His sons, Randy and Rick, are trying to change that. Since Fran died in January at the age of 88, Randy and Rick have been memorializing him on Facebook with photos from Fran’s career in automobiles, covering everything from his hot rodding days to his time at Autolite to his accomplishments at Ford. Randy and Rick have graciously allowed us to repost some of those photos here.
We’ll start with this shot of him posing with his 1932 Ford three-window coupe, most likely the same one sporting a 296-cu.in. Mercury flathead V-8 that he used to beat Tom Cobbs at the first Santa Barbara Acceleration Association’s legal drag races at Goleta airstrip on April 10, 1949.
After a few years working with Vic Edelbrock, Fred C. Offenhauser, and Bill Stroppe, Fran went to work for Autolite in December 1959. Here he’s shown (left) at the 1960 Pacific Grand Prix in Laguna Seca.
It wasn’t all racing at Autolite, as we see from this shot of the 1961 Rambler Run.
Ford bought Autolite in 1961, and Fran moved over to the parent company the next year, where he took part in activities such as the 1964 Comet 100,000 Mile Durability Run. The lead photo, by the way, comes from the 1965 Comet Durability Run.

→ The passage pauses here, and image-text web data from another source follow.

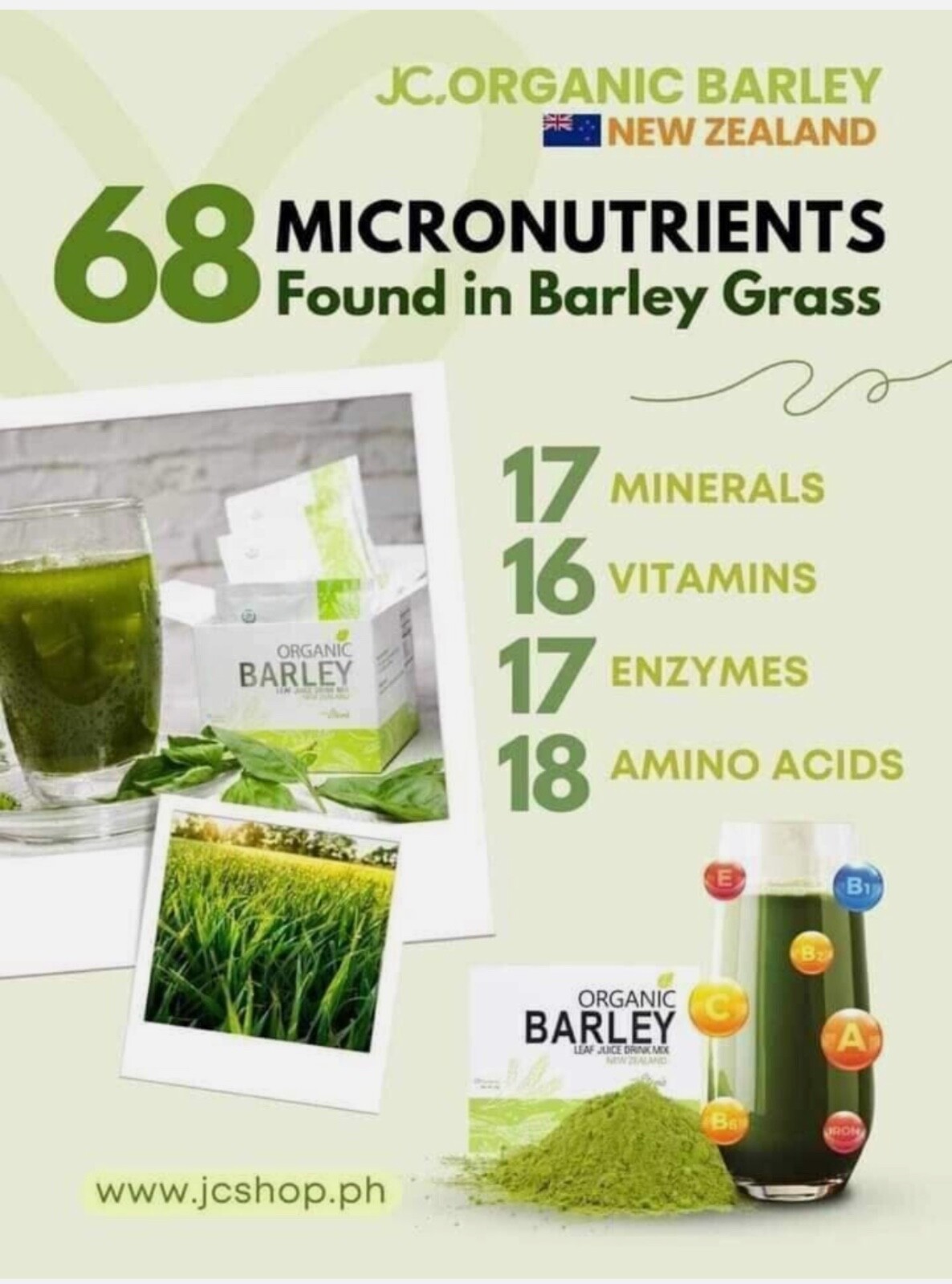 JC pure organic barley power juice with stevia from New Zealand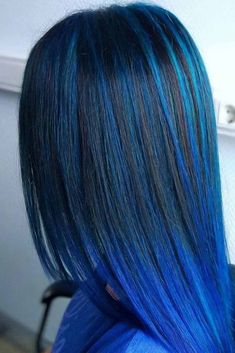 Blue Hair Color Highlights, Black Hair With Blue Highlights, Blue And Black Hair, Blue Black Hair Color, Blue Hair Highlights, Blue Hair Color, Navy Blue Hair, Blue Black Hair, Blue Ombre Hair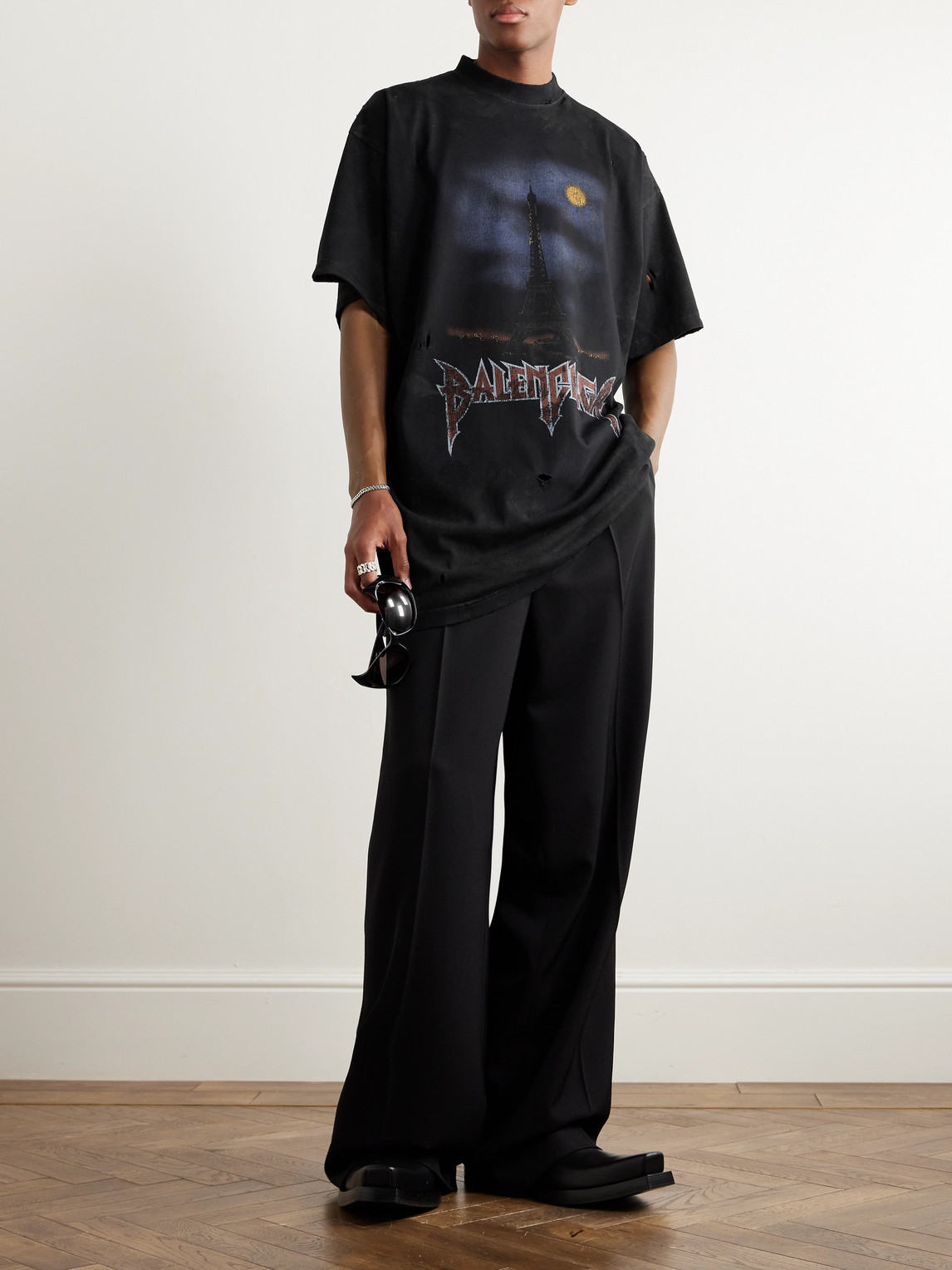 Shop Balenciaga Logo-print Distressed Cotton-jersey T-shirt In Black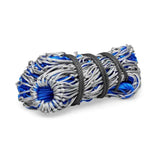A coiled firefoot double haynet rope bundle in blue and gray with black straps showing quality double net design
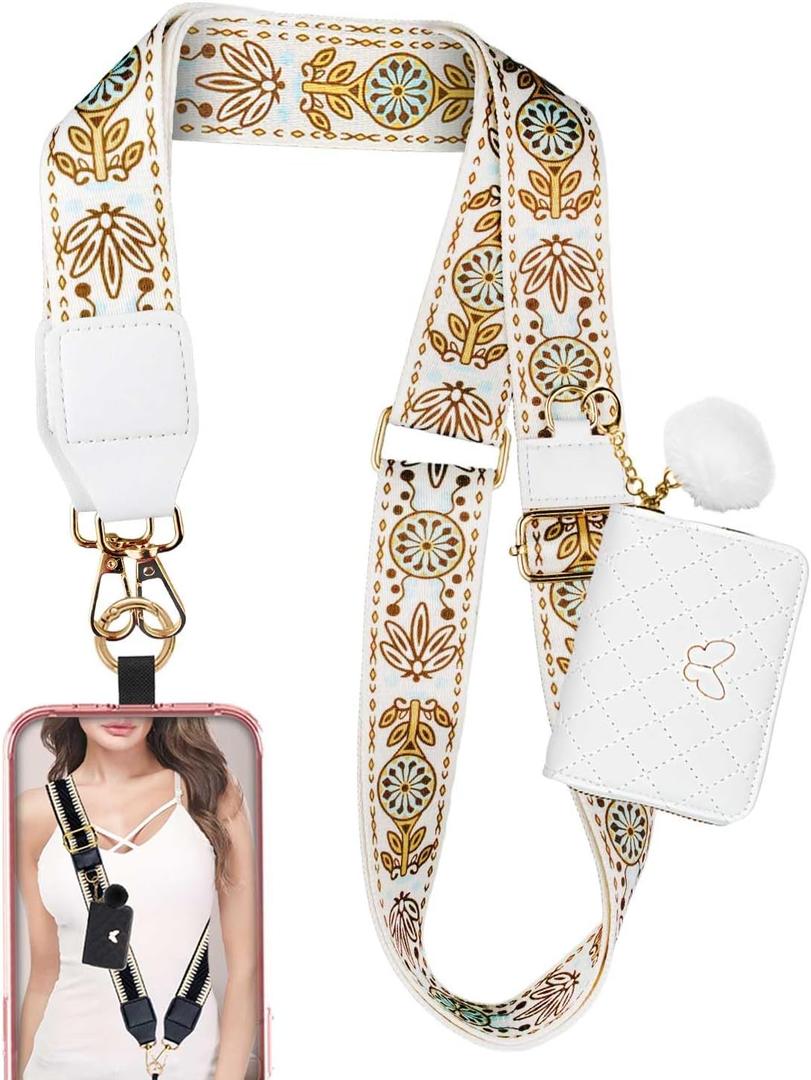 Clip and Go Phone Strap with Wallet Phone Lanyard Crossbody with Wallet Cell Phone Lanyards for Women, Retro Flowers-brown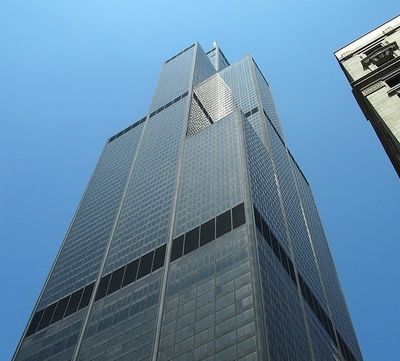 Sears Tower. Näst högst i världen på den tiden. Tala om sky-skrapa.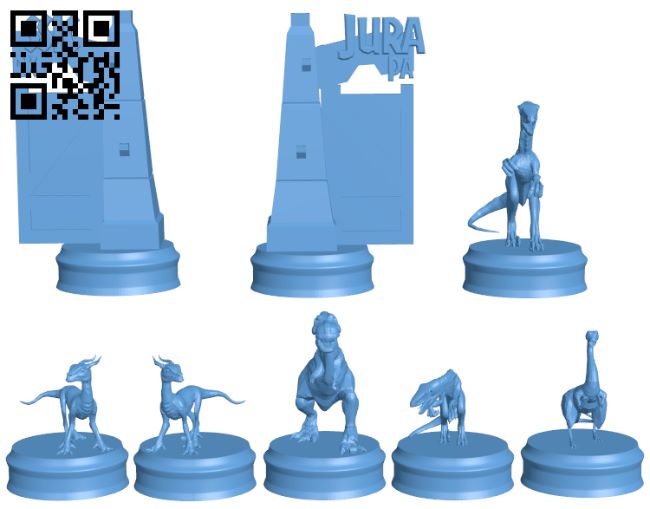 Jurassic chess H007147 file stl free download 3D Model for CNC and 3d printer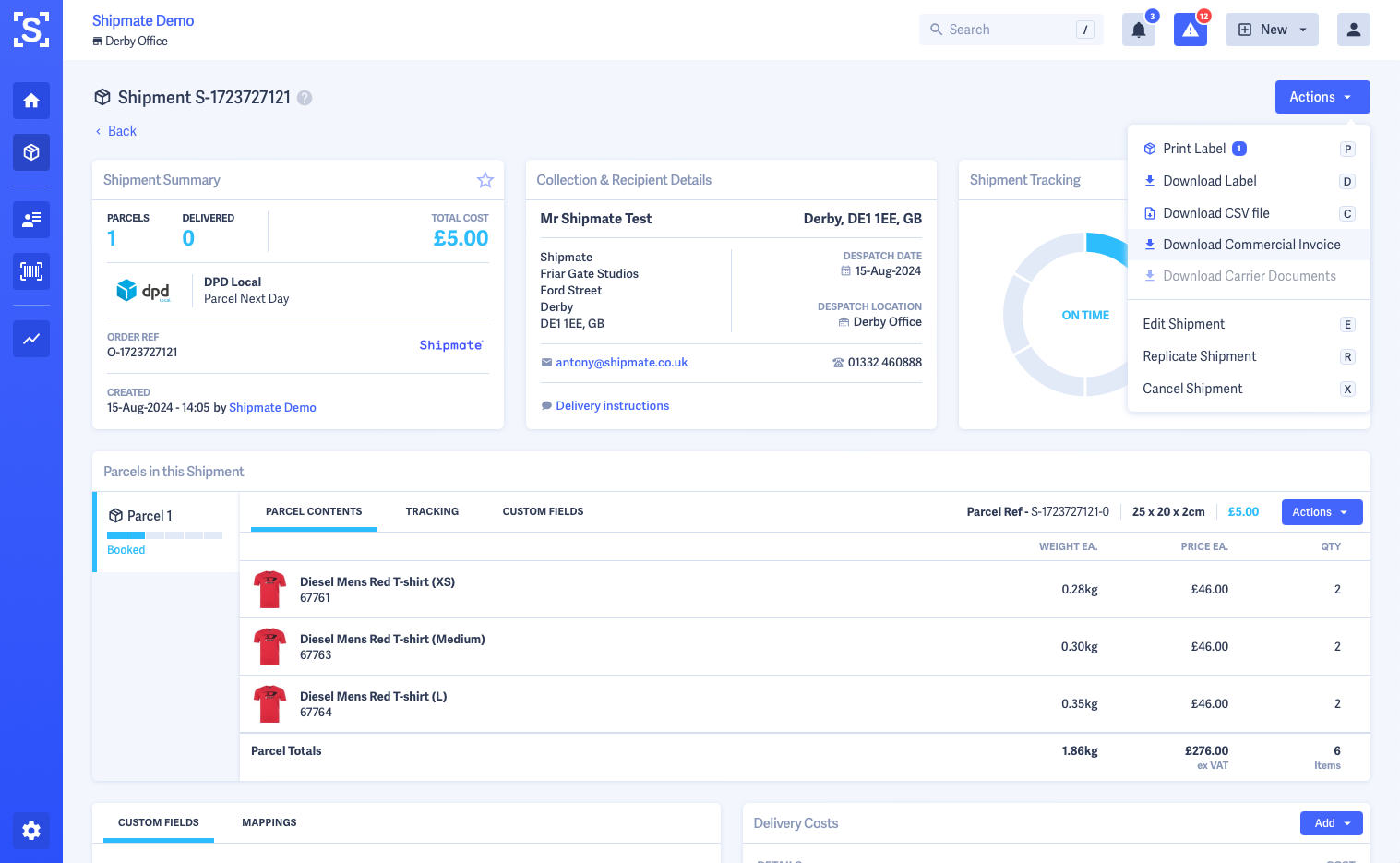 Shipmate - Download Commercial Invoice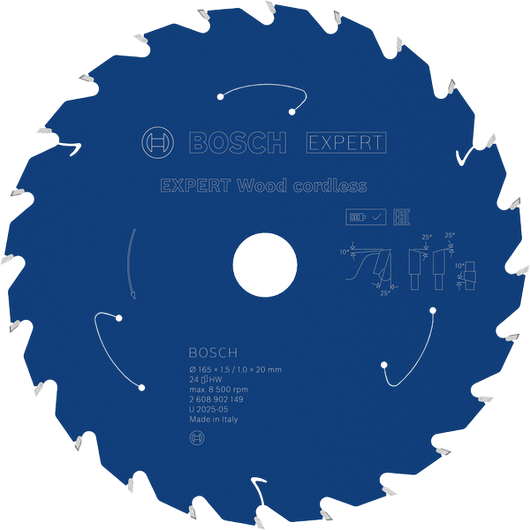 Lame de scie circulaire sans fil Bosch EXPERT Wood de 165 mm.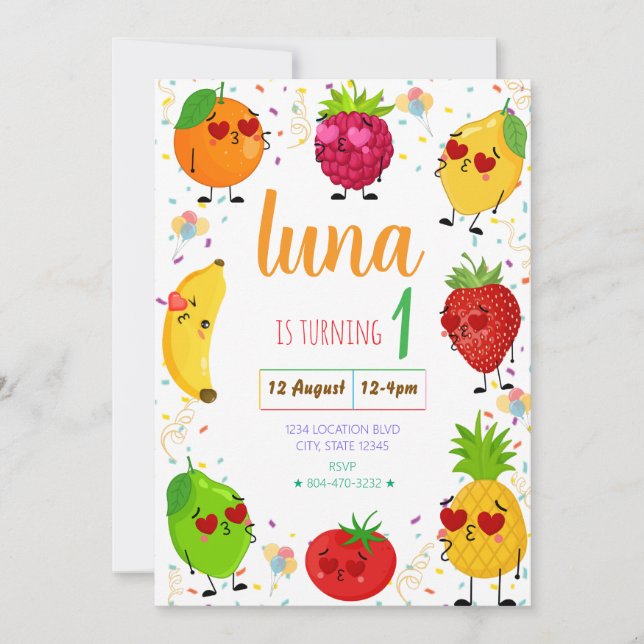 AdorableFruit Födelsedagsinbjudan Inbjudningar (Framsida)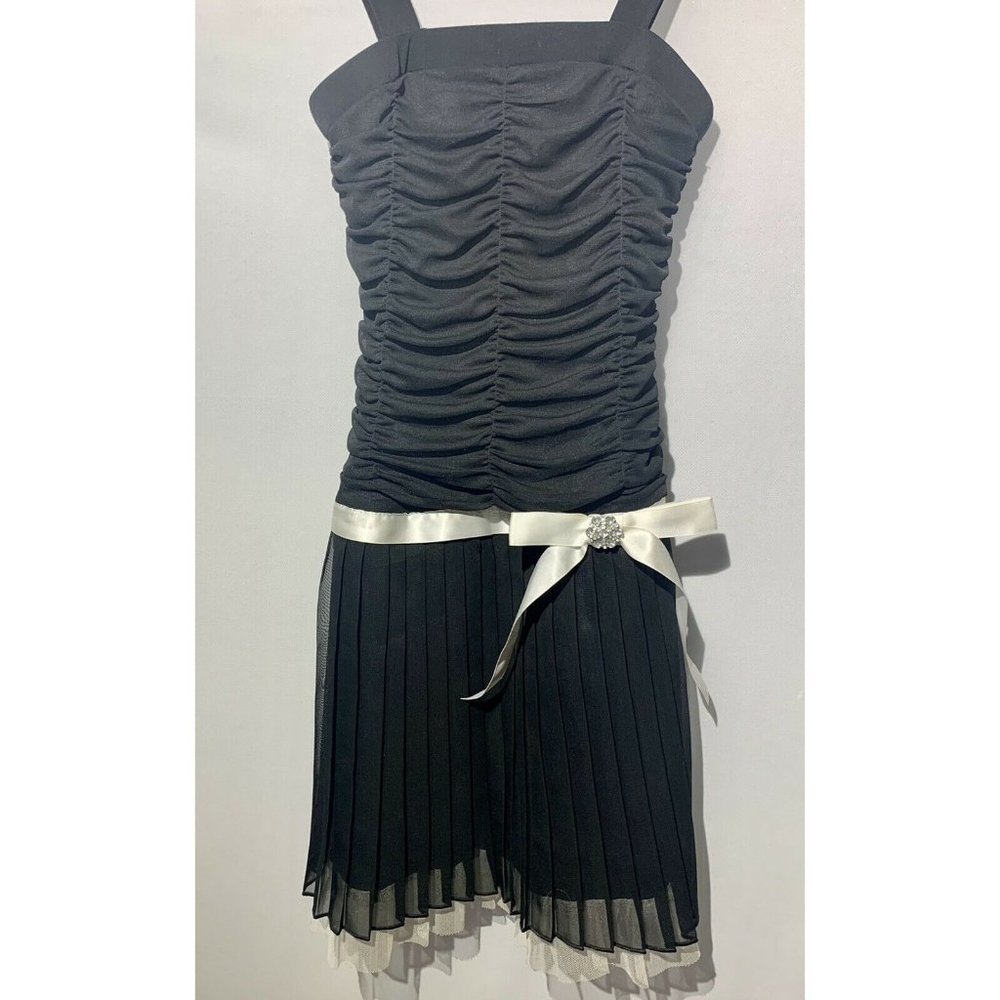 Girl's Philly Black Dress with White Belt Line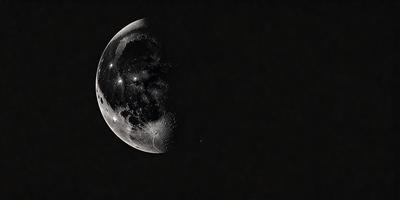 The primary subject of the image is a moon, which is the main object, scene, or focus of the image. The moon is shown in a dark sky, creating a dramatic and moody atmosphere. The visual style of the image is a black and white photo, which adds to the dramatic and artistic feel of the scene. The colors and mood of the image are predominantly dark and mysterious, with the moon being the main source of light and interest in the composition.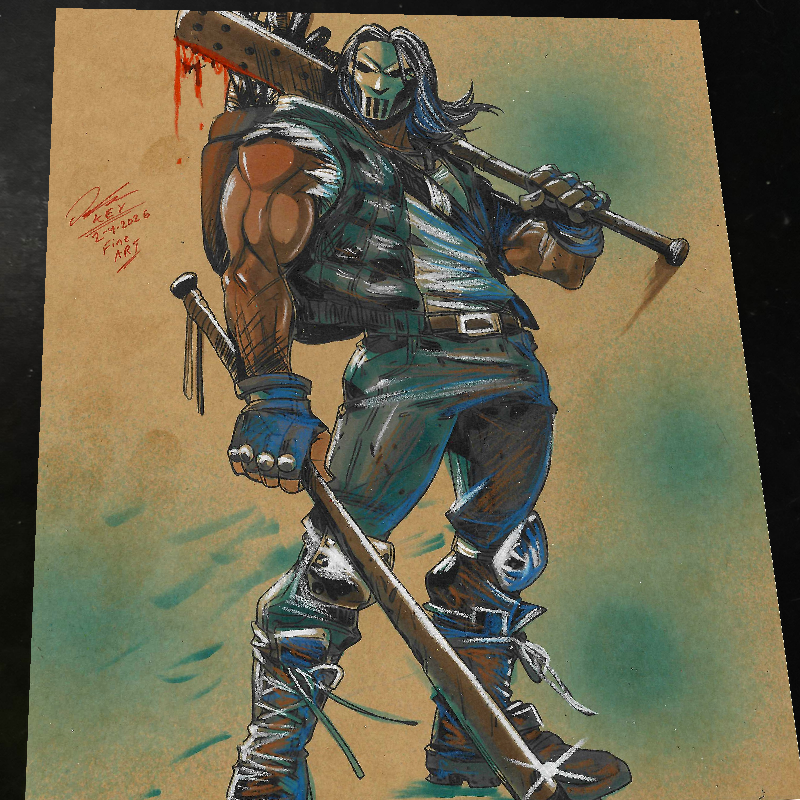 Casey Jones TMNT Art Print Signed 8.5x11 | Art by Keyeske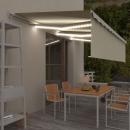 Markise Manuell Einziehbar mit Rollo & LED 6x3 m Creme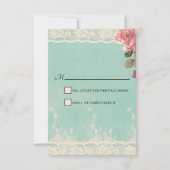 ティール(緑がかった色)レースアリスinワンダーランドウェディングRSVPカード 出欠カード (裏面)
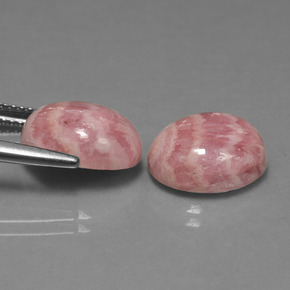 Rodocrosite naturale multicolore da 12,38 ct, taglio ovale, opaco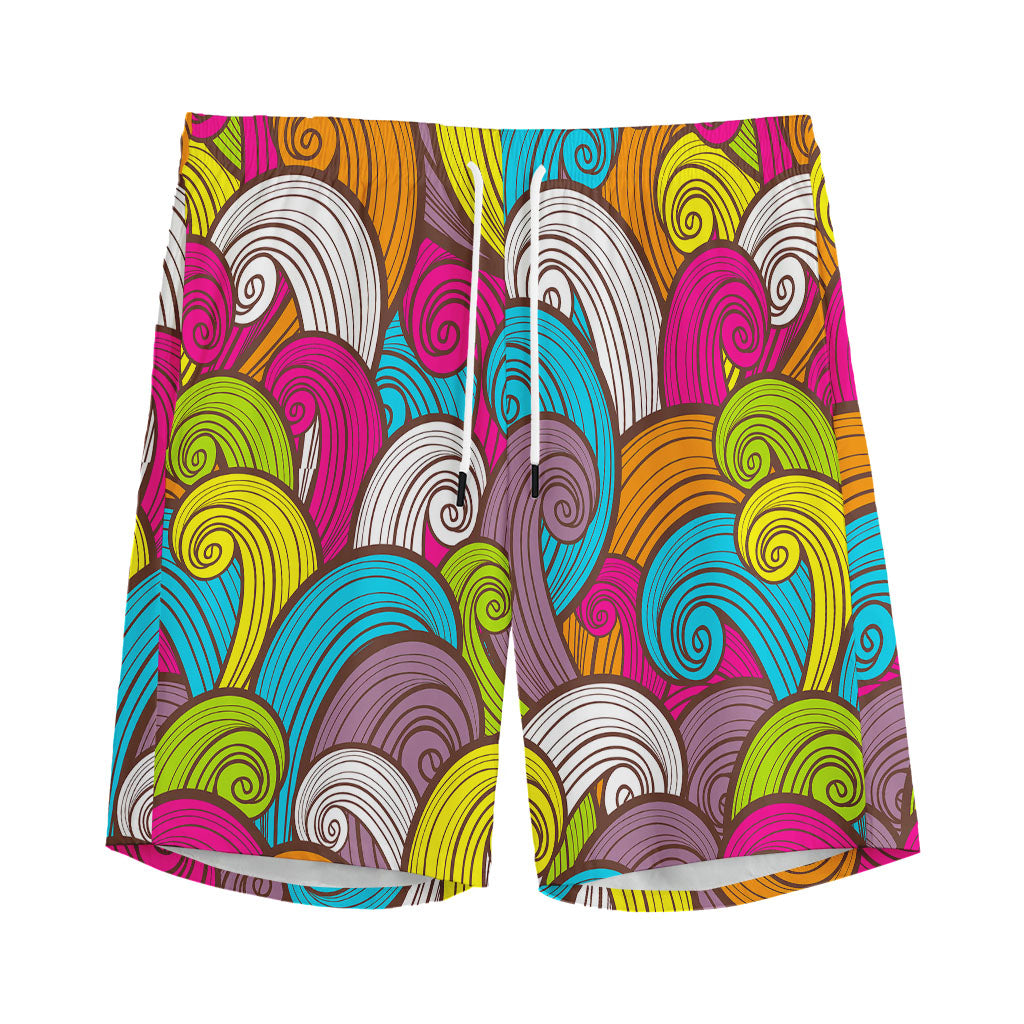 Colorful Surfing Wave Pattern Print Men's Sports Shorts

While drag racing formed a substantial part of Fran’s time at Ford, these three photos show that he was heavily involved in Trans-Am racing as well. With Fran by the Trans-Am Cougar are, from left, Parnelli Jones, Ed Leslie, and Bud Moore. In the center photo, Fran is seen conversing with AMC’s Jim Jeffords in Sebring. The inscription on the Trans-Am Javelin photo reads “Fran and Bud – We learned this from you, but it didn’t help. -Roger Penske”
Fran had a hand in product development at Ford too, in a way. On the left, we see Fran with Roy Lunn and Boss 429 Mustang #1 in January 1969 at Kar Kraft’s facility in Brighton, Michigan. On the right, a less successful proposal, the Boss Maverick.
Interestingly, Fran’s collection also included shots of two different vehicles called the Mach 2. The first two are dated August 1969, while the third apparently dates to 1967. Caption for the third reads:
The Mach 2 two-seater sports car in its original form was based on the 1967-1969 Mustang underbody, 351 engine and ZF transaxle. Three prototypes were constructed and used for development during 1967. Further design studies are currently being conducted on alternative approaches to the Mach 2 program.
Finally (for now), a shot of the ultra-rare Autolite inline four-barrel carburetor that Ford produced for Trans-Am racing in 1970. The comments on this shot indicate that Fran carefully arranged the photographs of these carburetors for SCCA to make it seem as though Ford produced enough of them for homologation.
Thanks, Randy and Rick, for making these priceless photographs available.